A patient has been admitted to the neurologic unit for the treatment of a newly diagnosed brain tumor. The patient has just exhibited seizure activity for the first time. What is the nurses priority response to this event?
- A. Identify the triggers that precipitated the seizure.
- B. Implement precautions to ensure the patients safety.
- C. Teach the patients family about the relationship between brain tumors and seizure activity.
- D. Ensure that the patient is housed in a private room.
Correct Answer: B
Rationale: Safety during a seizure is the priority to prevent injury. Education, trigger identification, and room assignment are secondary actions.
The nurse in an extended care facility is planning the daily activities of a patient with postpolio syndrome. The nurse recognizes the patient will best benefit from physical therapy when it is scheduled at what time?
- A. Immediately after meals
- B. In the morning
- C. Before bedtime
- D. In the early evening
Correct Answer: B
Rationale: Morning physical therapy maximizes benefit in postpolio syndrome, as fatigue worsens later in the day.

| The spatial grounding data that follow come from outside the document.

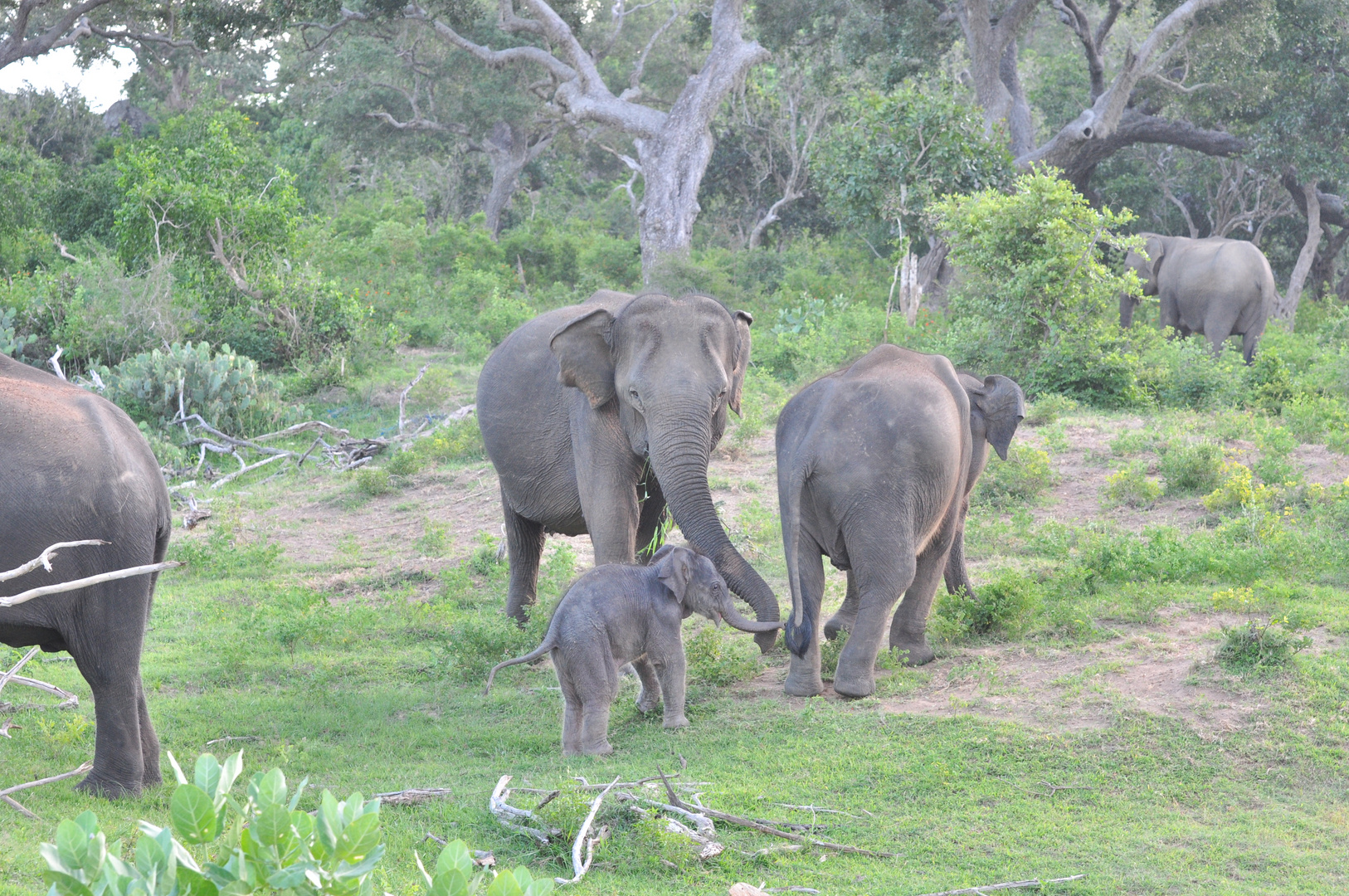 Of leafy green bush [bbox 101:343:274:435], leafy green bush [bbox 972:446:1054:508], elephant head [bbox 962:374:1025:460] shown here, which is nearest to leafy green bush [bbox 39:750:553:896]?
elephant head [bbox 962:374:1025:460]

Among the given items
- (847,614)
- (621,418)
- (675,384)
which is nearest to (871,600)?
(847,614)

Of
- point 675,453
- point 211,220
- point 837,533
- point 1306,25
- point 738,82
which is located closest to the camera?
point 675,453

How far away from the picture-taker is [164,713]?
6645mm

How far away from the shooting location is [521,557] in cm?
826

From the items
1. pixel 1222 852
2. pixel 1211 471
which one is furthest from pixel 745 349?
pixel 1211 471

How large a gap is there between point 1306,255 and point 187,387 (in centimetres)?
1768

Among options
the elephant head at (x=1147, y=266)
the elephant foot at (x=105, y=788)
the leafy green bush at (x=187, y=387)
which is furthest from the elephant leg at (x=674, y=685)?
the elephant head at (x=1147, y=266)

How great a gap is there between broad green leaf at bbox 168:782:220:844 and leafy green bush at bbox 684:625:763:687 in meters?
4.44

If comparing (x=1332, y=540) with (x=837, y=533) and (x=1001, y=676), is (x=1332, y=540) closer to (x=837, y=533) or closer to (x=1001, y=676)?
(x=1001, y=676)

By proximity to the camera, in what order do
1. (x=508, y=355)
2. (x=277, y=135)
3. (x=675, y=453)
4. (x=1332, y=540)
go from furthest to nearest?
(x=277, y=135), (x=1332, y=540), (x=508, y=355), (x=675, y=453)

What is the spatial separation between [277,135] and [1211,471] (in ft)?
88.3

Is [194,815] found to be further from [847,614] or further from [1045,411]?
[1045,411]

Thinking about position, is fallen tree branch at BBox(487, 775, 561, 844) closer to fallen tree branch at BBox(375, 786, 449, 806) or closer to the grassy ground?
the grassy ground

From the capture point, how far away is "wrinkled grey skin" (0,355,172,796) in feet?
16.1
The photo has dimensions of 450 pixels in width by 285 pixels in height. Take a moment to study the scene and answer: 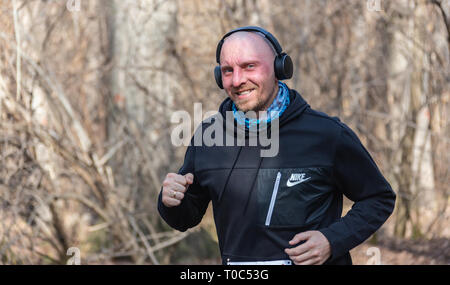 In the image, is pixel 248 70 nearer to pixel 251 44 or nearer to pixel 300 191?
pixel 251 44

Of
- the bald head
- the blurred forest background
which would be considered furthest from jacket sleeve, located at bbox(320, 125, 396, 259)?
the blurred forest background

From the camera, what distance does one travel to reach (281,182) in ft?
9.96

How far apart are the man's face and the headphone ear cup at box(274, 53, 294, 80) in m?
0.03

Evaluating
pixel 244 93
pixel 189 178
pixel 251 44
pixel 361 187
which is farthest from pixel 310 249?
pixel 251 44

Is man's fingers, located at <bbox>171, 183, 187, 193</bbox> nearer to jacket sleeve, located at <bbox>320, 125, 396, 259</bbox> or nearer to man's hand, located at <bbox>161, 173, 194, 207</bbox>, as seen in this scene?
man's hand, located at <bbox>161, 173, 194, 207</bbox>

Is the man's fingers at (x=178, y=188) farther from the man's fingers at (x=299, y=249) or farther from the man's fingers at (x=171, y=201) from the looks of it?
the man's fingers at (x=299, y=249)

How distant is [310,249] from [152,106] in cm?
506

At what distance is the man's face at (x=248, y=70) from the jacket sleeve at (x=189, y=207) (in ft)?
1.45

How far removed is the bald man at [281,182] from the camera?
2.99m

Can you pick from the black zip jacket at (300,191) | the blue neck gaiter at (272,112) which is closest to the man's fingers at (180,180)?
the black zip jacket at (300,191)

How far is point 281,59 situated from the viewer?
3182mm

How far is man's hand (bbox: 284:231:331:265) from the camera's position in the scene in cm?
286

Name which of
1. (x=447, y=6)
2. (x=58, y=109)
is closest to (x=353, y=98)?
(x=447, y=6) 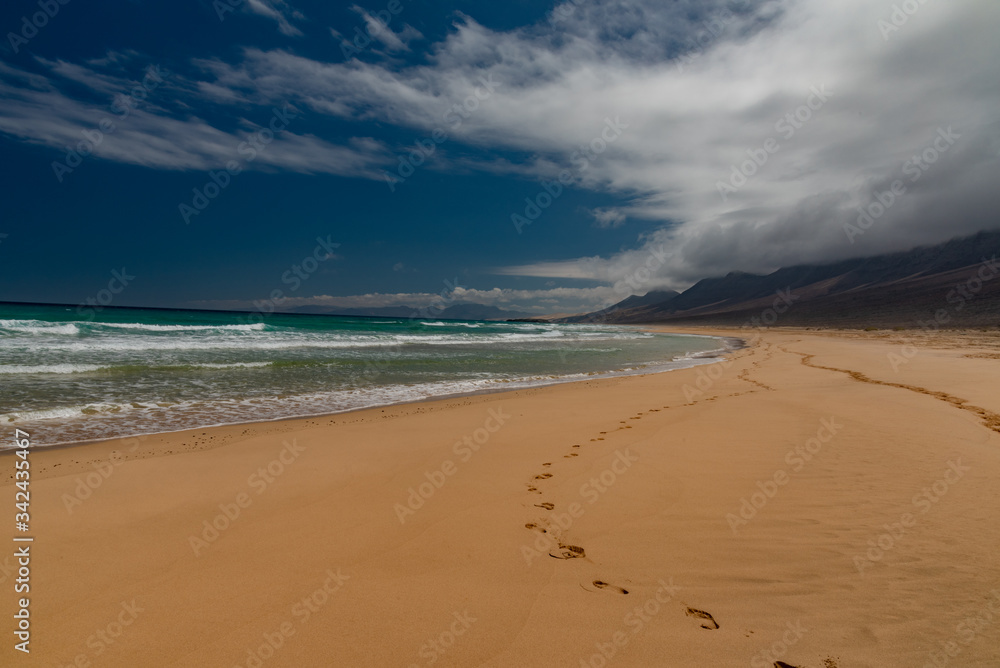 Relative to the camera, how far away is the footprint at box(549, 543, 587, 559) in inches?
135

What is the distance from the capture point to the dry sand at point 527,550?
247 centimetres

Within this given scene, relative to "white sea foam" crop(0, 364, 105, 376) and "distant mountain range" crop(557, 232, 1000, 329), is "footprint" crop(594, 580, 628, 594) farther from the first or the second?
"distant mountain range" crop(557, 232, 1000, 329)

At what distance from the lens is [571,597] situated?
2.89 meters

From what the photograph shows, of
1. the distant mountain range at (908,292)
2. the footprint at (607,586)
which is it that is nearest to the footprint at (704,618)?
the footprint at (607,586)

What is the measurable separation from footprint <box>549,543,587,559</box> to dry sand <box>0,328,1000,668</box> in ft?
0.06

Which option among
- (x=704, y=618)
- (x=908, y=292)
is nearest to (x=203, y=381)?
(x=704, y=618)

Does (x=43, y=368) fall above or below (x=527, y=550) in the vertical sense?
above

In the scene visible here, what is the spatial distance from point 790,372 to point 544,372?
880 cm

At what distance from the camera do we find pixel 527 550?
11.6 feet

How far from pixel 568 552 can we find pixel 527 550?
0.33 meters

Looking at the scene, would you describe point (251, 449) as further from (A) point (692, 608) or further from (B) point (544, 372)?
(B) point (544, 372)

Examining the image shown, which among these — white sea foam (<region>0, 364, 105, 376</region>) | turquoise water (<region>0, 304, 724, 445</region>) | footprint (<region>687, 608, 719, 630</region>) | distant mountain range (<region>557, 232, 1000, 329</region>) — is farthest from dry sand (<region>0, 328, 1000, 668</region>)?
distant mountain range (<region>557, 232, 1000, 329</region>)

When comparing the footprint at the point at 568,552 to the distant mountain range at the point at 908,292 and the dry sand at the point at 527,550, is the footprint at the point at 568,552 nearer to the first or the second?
the dry sand at the point at 527,550

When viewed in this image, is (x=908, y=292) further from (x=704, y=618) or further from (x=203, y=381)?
(x=203, y=381) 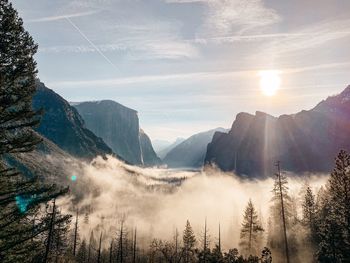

A patient, brought to the clinic by his wife and son, is diagnosed with Huntington disease. When providing anticipatory guidance, the nurse should address the future possibility of what effect of Huntington disease?
- A. Metastasis
- B. Risk for stroke
- C. Emotional and personality changes
- D. Pathologic bone fractures
Correct Answer: C
Rationale: Huntington's disease causes significant emotional and personality changes due to neurologic degeneration. It is not malignant, nor does it increase stroke or fracture risk.